(Collected data)
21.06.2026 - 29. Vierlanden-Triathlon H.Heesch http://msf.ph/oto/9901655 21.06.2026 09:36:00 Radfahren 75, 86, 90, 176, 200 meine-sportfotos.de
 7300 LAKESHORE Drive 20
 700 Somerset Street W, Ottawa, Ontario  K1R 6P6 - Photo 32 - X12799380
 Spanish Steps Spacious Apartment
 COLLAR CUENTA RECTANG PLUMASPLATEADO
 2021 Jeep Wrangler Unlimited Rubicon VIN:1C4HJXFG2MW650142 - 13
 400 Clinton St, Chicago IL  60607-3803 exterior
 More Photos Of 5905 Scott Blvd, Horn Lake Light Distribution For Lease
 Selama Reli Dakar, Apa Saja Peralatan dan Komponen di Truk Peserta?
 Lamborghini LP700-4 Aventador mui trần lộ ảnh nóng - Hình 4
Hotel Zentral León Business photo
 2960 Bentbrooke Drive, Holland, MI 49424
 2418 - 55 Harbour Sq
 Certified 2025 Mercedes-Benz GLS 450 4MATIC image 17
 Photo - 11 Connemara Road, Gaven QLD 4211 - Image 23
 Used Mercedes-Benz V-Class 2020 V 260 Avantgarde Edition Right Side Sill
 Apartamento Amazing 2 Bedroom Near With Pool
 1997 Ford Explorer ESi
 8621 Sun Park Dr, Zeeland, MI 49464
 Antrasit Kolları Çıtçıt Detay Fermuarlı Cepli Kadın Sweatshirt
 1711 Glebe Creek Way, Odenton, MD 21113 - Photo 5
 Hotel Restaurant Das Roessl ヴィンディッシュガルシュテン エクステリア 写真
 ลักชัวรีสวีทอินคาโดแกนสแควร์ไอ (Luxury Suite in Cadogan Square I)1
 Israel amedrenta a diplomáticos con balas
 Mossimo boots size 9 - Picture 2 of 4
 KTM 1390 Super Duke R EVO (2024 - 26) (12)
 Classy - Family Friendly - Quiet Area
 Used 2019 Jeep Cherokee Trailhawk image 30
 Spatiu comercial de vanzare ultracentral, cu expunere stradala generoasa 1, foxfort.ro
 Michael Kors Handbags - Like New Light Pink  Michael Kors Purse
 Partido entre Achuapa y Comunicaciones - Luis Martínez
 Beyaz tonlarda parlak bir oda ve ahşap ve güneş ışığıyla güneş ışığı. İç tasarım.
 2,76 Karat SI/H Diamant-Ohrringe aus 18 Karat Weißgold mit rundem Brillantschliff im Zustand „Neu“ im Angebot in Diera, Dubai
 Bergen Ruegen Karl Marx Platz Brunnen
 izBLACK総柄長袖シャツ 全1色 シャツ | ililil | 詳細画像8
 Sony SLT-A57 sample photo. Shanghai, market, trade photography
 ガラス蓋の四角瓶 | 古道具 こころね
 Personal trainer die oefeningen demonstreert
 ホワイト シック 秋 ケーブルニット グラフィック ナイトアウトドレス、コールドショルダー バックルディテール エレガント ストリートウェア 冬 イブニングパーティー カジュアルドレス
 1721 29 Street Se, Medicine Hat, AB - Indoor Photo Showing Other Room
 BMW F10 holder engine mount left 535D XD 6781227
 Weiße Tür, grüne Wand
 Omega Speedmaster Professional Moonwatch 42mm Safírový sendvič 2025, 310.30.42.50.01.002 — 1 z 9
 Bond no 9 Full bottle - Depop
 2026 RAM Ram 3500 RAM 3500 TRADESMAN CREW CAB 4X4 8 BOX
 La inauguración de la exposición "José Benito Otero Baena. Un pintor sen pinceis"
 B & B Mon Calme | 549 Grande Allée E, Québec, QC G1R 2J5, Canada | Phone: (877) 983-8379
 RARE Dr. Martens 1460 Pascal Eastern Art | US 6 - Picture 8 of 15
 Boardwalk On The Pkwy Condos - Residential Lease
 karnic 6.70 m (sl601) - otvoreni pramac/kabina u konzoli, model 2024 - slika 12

- [Task brief]:
Nothing but the lines from the one with "Beyaz tonlarda parlak" to the last line of the data should appear in the answer, each exactly as it stands.

- [Reply]:
 Beyaz tonlarda parlak bir oda ve ahşap ve güneş ışığıyla güneş ışığı. İç tasarım.
 2,76 Karat SI/H Diamant-Ohrringe aus 18 Karat Weißgold mit rundem Brillantschliff im Zustand „Neu“ im Angebot in Diera, Dubai
 Bergen Ruegen Karl Marx Platz Brunnen
 izBLACK総柄長袖シャツ 全1色 シャツ | ililil | 詳細画像8
 Sony SLT-A57 sample photo. Shanghai, market, trade photography
 ガラス蓋の四角瓶 | 古道具 こころね
 Personal trainer die oefeningen demonstreert
 ホワイト シック 秋 ケーブルニット グラフィック ナイトアウトドレス、コールドショルダー バックルディテール エレガント ストリートウェア 冬 イブニングパーティー カジュアルドレス
 1721 29 Street Se, Medicine Hat, AB - Indoor Photo Showing Other Room
 BMW F10 holder engine mount left 535D XD 6781227
 Weiße Tür, grüne Wand
 Omega Speedmaster Professional Moonwatch 42mm Safírový sendvič 2025, 310.30.42.50.01.002 — 1 z 9
 Bond no 9 Full bottle - Depop
 2026 RAM Ram 3500 RAM 3500 TRADESMAN CREW CAB 4X4 8 BOX
 La inauguración de la exposición "José Benito Otero Baena. Un pintor sen pinceis"
 B & B Mon Calme | 549 Grande Allée E, Québec, QC G1R 2J5, Canada | Phone: (877) 983-8379
 RARE Dr. Martens 1460 Pascal Eastern Art | US 6 - Picture 8 of 15
 Boardwalk On The Pkwy Condos - Residential Lease
 karnic 6.70 m (sl601) - otvoreni pramac/kabina u konzoli, model 2024 - slika 12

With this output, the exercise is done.